BlueGeneQHardware2.png

5D Torus Network

The network topology of Blue/Gene Q is a five-dimensional (5D) torus, with direct links between the nearest neighbors in the ±A, ±B, ±C, ±D, and ±E directions. As such there are only a few optimum block sizes that will use the network efficiently.

Node Boards Compute Nodes Cores Torus Dimensions
1 32 512 2x2x2x2x2
2 (adjacent pairs) 64 1024 2x2x4x2x2
4 (quadrants) 128 2048 2x2x4x4x2
8 (halves) 256 4096 4x2x4x4x2
16 (midplane) 512 8192 4x4x4x4x2
32 (1 rack) 1024 16384 4x4x4x8x2
64 (2 racks) 2048 32768 4x4x8x8x2

Login/Devel Nodes

The development nodes for the BGQ are bgqdev-fen1 for the half-rack development system and bgq-fen1 for the 2-rack production system.

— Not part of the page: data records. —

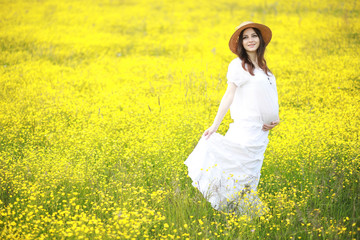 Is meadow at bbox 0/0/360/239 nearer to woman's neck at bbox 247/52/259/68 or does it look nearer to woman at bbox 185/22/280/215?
woman at bbox 185/22/280/215

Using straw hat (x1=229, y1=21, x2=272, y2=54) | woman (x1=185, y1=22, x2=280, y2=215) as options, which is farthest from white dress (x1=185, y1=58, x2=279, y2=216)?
straw hat (x1=229, y1=21, x2=272, y2=54)

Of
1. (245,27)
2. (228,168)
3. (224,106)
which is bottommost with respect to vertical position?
(228,168)

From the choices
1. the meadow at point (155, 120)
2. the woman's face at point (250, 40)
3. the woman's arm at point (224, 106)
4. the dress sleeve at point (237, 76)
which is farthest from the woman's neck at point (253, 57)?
the meadow at point (155, 120)

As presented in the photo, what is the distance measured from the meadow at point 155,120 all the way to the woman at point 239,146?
0.23 meters

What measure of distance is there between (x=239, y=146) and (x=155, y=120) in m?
2.85

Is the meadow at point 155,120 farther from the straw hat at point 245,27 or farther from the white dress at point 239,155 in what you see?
the straw hat at point 245,27

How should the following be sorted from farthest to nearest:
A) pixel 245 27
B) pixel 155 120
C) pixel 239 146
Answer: pixel 155 120 → pixel 245 27 → pixel 239 146

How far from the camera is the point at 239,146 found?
10.3 ft

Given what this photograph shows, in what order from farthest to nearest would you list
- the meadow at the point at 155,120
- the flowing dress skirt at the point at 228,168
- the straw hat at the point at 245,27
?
the straw hat at the point at 245,27, the flowing dress skirt at the point at 228,168, the meadow at the point at 155,120

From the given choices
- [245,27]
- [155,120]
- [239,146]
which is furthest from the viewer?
[155,120]

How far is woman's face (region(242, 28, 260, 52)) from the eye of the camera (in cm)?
Answer: 335

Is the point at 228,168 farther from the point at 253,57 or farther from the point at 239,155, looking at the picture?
the point at 253,57

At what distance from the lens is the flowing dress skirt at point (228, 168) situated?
315 cm

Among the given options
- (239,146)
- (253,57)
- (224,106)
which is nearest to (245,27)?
(253,57) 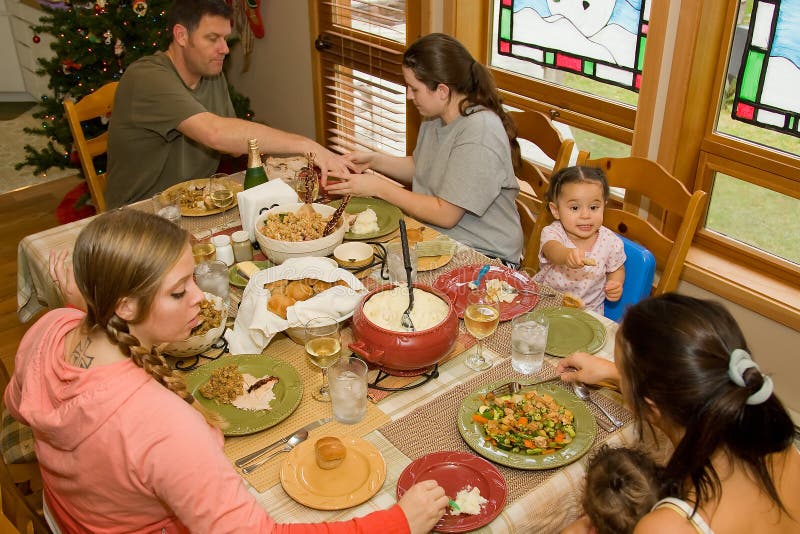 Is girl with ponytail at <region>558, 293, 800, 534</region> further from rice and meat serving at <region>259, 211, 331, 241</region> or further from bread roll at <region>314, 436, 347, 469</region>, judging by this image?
rice and meat serving at <region>259, 211, 331, 241</region>

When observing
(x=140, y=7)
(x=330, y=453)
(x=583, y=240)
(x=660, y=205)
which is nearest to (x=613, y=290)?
(x=583, y=240)

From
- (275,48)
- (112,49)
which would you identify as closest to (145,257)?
(112,49)

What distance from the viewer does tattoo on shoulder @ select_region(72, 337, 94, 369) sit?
1231 millimetres

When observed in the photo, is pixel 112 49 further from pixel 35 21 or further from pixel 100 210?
pixel 35 21

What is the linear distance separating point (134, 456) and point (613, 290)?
4.68 feet

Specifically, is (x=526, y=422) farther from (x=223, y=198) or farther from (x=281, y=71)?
(x=281, y=71)

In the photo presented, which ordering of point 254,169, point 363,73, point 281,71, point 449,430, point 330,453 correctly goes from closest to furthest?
point 330,453
point 449,430
point 254,169
point 363,73
point 281,71

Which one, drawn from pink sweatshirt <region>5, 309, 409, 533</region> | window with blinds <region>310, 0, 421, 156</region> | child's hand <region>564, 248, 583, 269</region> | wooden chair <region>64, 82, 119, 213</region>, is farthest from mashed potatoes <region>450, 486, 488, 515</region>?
window with blinds <region>310, 0, 421, 156</region>

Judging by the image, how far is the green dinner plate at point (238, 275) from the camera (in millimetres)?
1945

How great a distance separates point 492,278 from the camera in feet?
6.27

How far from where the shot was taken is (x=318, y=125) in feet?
14.0

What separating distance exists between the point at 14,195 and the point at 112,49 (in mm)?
1532

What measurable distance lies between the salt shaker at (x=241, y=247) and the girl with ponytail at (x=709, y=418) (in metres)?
1.16

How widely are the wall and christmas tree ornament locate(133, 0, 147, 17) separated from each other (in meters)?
0.82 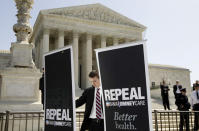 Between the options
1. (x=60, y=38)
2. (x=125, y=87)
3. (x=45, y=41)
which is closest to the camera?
(x=125, y=87)

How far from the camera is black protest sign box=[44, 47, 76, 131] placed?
3.62 metres

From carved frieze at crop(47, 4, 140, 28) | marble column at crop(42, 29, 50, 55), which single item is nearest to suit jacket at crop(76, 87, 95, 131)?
marble column at crop(42, 29, 50, 55)

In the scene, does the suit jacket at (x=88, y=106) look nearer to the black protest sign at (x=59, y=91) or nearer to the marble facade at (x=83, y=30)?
the black protest sign at (x=59, y=91)

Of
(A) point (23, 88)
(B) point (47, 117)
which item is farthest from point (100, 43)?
(B) point (47, 117)

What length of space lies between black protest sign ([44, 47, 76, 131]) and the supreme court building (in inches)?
1295

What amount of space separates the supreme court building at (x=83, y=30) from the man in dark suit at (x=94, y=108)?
32.8 meters

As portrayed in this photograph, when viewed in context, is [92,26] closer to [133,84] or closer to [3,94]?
[3,94]

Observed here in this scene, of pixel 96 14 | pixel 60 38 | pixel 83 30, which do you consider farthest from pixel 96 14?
pixel 60 38

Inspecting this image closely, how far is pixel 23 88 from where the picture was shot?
28.9 ft

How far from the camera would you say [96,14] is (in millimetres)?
42781

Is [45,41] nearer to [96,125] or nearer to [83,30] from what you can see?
[83,30]

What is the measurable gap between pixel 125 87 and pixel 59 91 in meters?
1.29

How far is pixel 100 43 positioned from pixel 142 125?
4126 centimetres

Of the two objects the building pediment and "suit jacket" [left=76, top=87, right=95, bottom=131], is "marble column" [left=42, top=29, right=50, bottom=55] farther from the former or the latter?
"suit jacket" [left=76, top=87, right=95, bottom=131] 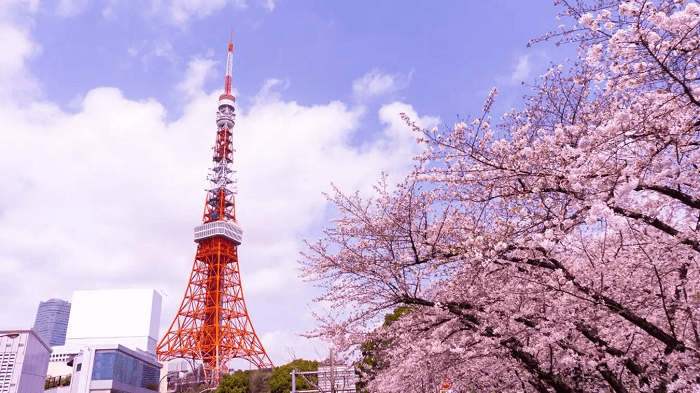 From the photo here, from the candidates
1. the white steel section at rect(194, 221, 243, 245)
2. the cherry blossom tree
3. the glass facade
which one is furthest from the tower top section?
the cherry blossom tree

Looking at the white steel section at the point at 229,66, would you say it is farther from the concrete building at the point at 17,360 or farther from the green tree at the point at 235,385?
the concrete building at the point at 17,360

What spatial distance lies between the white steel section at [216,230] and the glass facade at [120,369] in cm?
1416

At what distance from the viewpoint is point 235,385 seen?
38625 millimetres

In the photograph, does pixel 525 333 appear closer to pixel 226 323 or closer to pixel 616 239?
pixel 616 239

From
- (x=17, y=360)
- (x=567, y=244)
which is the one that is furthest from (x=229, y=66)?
(x=567, y=244)

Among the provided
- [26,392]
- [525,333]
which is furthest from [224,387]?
[525,333]

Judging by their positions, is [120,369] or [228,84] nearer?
[120,369]

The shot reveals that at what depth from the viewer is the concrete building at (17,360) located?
58.1 ft

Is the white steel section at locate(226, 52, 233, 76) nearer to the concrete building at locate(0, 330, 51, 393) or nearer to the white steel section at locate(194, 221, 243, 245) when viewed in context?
the white steel section at locate(194, 221, 243, 245)

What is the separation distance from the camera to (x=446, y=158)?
20.3 feet

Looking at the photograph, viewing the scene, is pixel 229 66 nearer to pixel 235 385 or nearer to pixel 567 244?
pixel 235 385

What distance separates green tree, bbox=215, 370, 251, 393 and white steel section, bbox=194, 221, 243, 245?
695 inches

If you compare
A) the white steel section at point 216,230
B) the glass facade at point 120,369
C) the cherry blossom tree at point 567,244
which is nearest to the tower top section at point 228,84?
the white steel section at point 216,230

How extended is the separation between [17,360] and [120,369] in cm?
2136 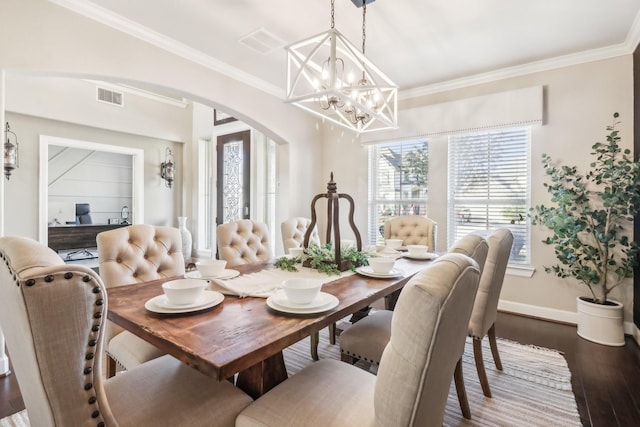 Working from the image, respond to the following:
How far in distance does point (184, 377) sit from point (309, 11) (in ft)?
8.51

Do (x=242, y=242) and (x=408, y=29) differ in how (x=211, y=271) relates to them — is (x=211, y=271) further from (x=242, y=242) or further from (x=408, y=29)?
(x=408, y=29)

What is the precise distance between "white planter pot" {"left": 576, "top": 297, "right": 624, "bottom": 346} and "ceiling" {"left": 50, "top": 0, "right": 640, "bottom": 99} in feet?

You can login to them from the regular login.scinet.utoronto.ca login nodes or directly using, bgqdev.scinet.utoronto.ca. The nodes are Power7 running Linux which serve as compilation and submission hosts for the BGQ. Programs are cross-compiled for the BGQ on these nodes and then submitted to the queue using loadleveler.

Compilers

The BGQ uses IBM XL compilers to cross-compile code for the BGQ. Compilers are available for FORTRAN, C, and C++. The compilers by default produce static binaries, however with BGQ it is possible to now use dynamic libraries as well. The compilers follow the XL conventions with the prefix bg, so bgxlc and bgxlf are the C and FORTRAN compilers respectively. Most users however will use the MPI variants which are available by loading the mpich2 module.

module load mpich2

Job Submission

As the BGQ architecture is different from the development nodes, the only way to test your program is to submit a job to the BGQ. Jobs are submitted through loadleveler using runjob which in many ways similar to mpirun or mpiexec. As shown above in the network topology overview, there are only a few optimum job size configurations which is also further constrained by each block requiring a minimum of one IO node. In SciNet's configuration (with 8 I/O nodes per midplane) this allows 64 nodes (1024 cores) to be the smallest block size. Normally a block size matches the job size to offer fully dedicated resources to the job. Smaller jobs can be run within the same block however this results in shared resources (network and IO) and are referred to as sub-block jobs and are described in more detail below.

runjob

runjob on BGQ acts a lot like mpirun/mpiexec and is the launcher to start jobs on BGQ. The "block" argument is the predefined group of nodes that are already booted. When using loadleveler this is determined for you. For this example block R00-M0-N03-64 is made up of 2 node cards with 64 compute nodes (1024 cores).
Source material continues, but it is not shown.